Proyek tersebut diduga/terkesan dikerjakan asal jadi dan patut diduga tidak sesuai RAB.
Berdasarkan hasil investigasi tim media di lapangan pada Senin (6/7/2026), proyek P3-TGAI ini terindikasi menggunakan material batu cadas dan pasir bercampur lempung Selain itu, pemasangan fondasi bangunan irigasi juga dinilai kurang maksimal.
Saat dikonfirmasi di lokasi, sejumlah pekerja mengaku bahwa penggunaan material batu cadas dan pasir lempung tersebut telah diizinkan oleh pihak pelaksana.
“Kalau batu cadas diperbolehkan oleh Pak Edi selaku ketua pelaksana pengerjaan ini. Rata-rata batuannya memang seperti ini, dicampur dengan batu karang,” ujar salah seorang pekerja di lokasi.
Para pekerja juga membeberkan bahwa sistem pengupahan proyek irigasi ini menggunakan sistem borongan, bukan upah harian.
“Kami kerja borongan, Pak. Dibayar Rp40.000 (empat puluh ribu rupiah) per meter. Sedangkan untuk material batu dihargai Rp35.000 (tiga puluh lima ribu rupiah) per kubik,” ungkap mereka.
Sayangnya, Ketua Pelaksana pembangunan irigasi Edi, tidak berada di tempat saat hendak dikonfirmasi. Padahal menurut keterangan para pekerja, yang bersangkutan sebelumnya berada di lokasi proyek.

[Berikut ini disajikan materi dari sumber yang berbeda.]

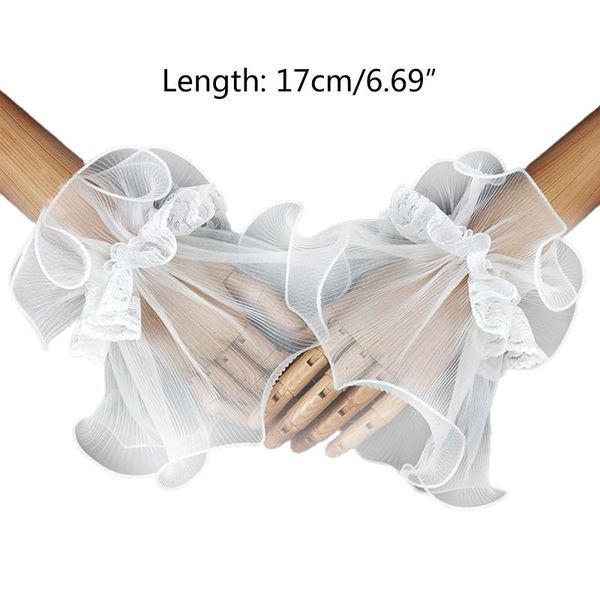 

neck ties cpdd gothic lace mesh stretch horn cuffs bracelet winkled ruffled detachable fake sleeves wedding party decorative wristband, Blue;purple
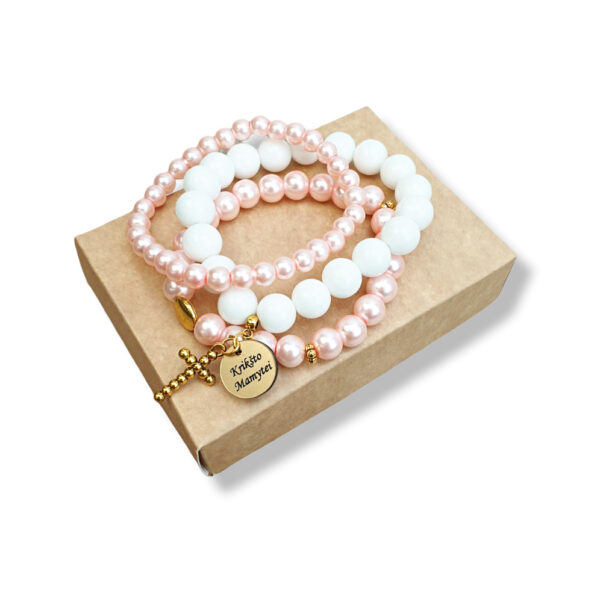 Bracelet set with gold tag ,,Kriksto mamytei,, with cross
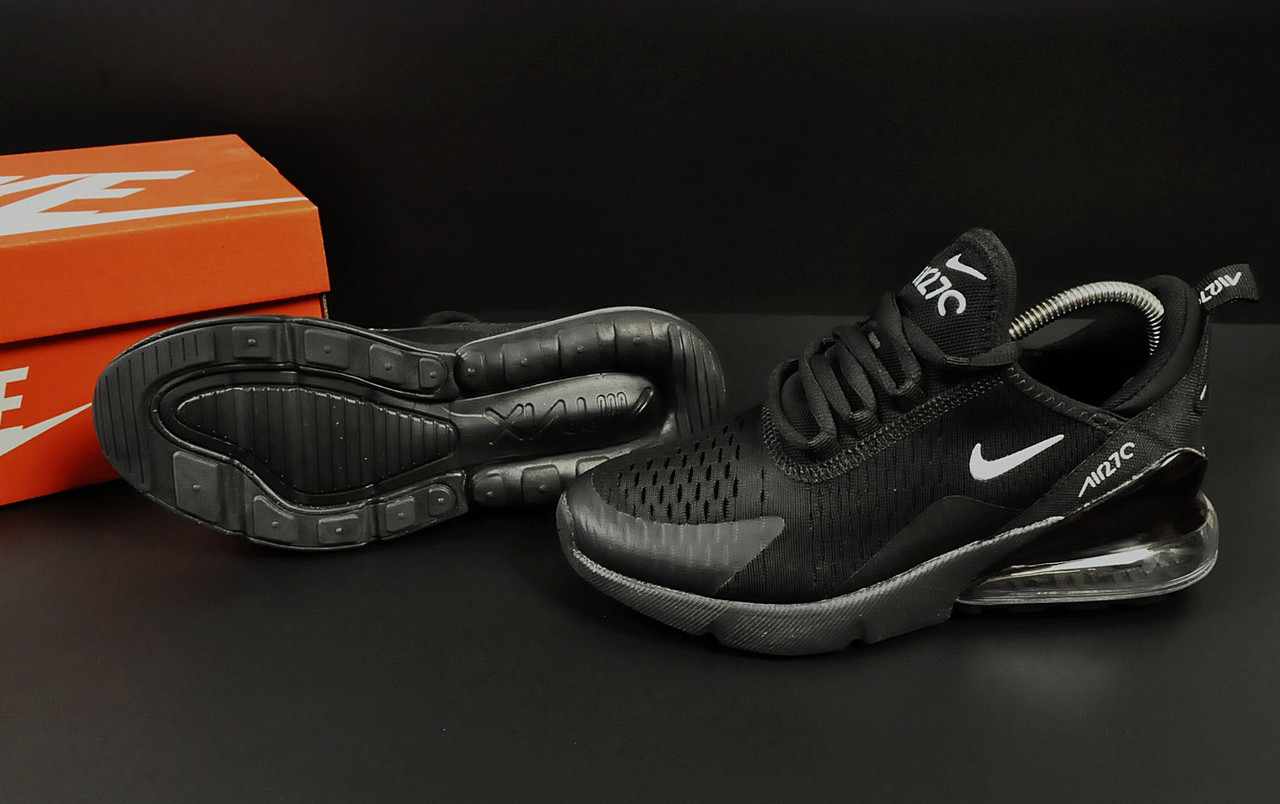 Кроссовки Женские Nike Air Max 270 Черные, Найк Аир Макс 270, Сетчатый ...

Di tempat terpisah, Ketua P3A Seri Mustika Desa Pamubulan, Haji Endang, memberikan tanggapan saat dihubungi awak media melalui pesan WhatsApp terkait penggunaan material tersebut.

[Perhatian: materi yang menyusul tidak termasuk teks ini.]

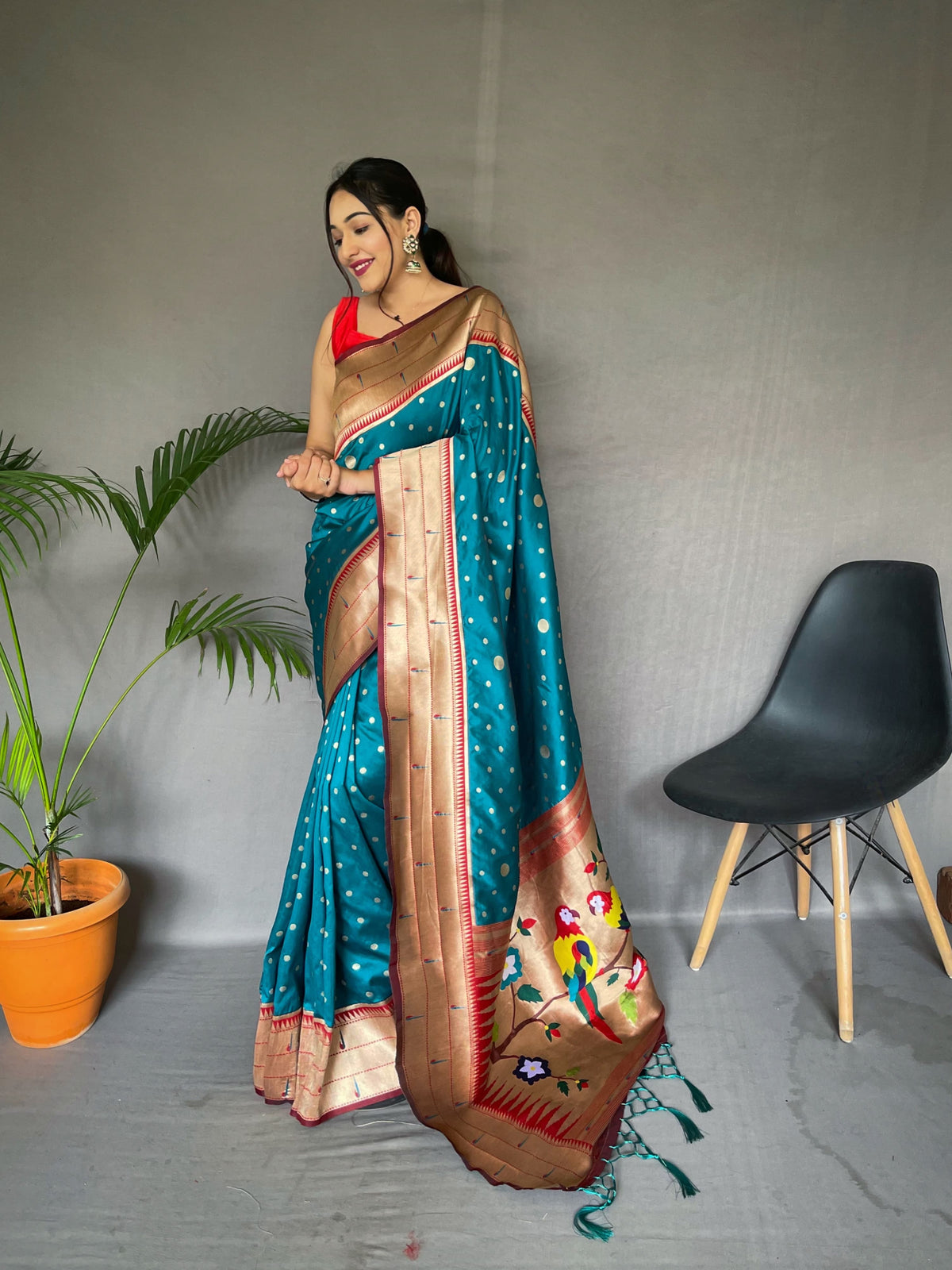 Wedding Wear Teal Blue Color Pure Paithani Silk Saree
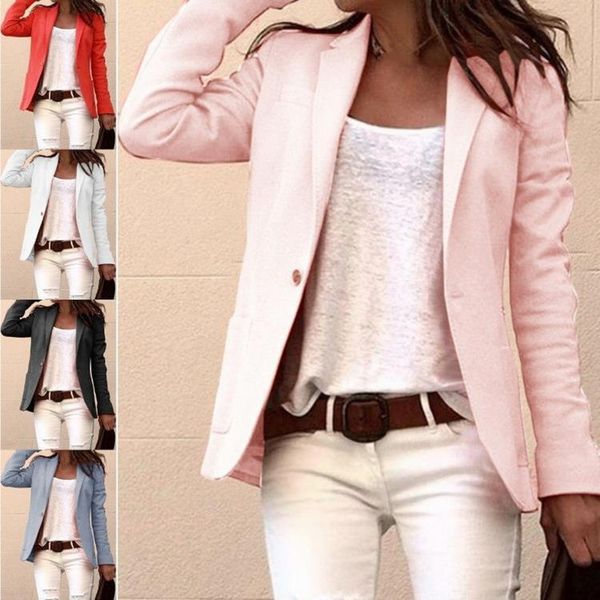 women's suits & blazers fashion 2021 spring autumn suit women pure color office long sleeve lapel collar slim simple style, White;black
women's suits & blazers fashion 2021 spring autumn suit women pure color office long sleeve lapel collar slim simple style, White;black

“Terkait pasir, coba konfirmasi saja dengan Pak Jaro (Kepala Desa). Soalnya yang mengirim pasir tersebut adalah Pak Jaro, saya hanya melaksanakan pengerjaan,” kata Haji Endang menggunakan bahasa daerah.
Mengenai penggunaan batu, Haji Endang berdalih bahwa hal tersebut merupakan hasil kesepakatan dengan pihak balai yang sebelumnya telah melakukan survei ke lokasi.
“Kata pihak balai, boleh menggunakan batu yang ada di sekitar area lokasi, termasuk batu cadas,” pungkasnya.
Sementara itu, Kepala Desa (Kades) Pamubulan, Sugianto, belum memberikan respons saat dimintai tanggapan melalui pesan WhatsApp terkait pengiriman material pasir tersebut.
Hingga berita ini ditayangkan, pesan yang dikirimkan masih menunjukkan status ceklis satu (belum terkirim/tidak aktif). Dan Sampai saat ini tim awak media berupaya menghubungi pihak balai.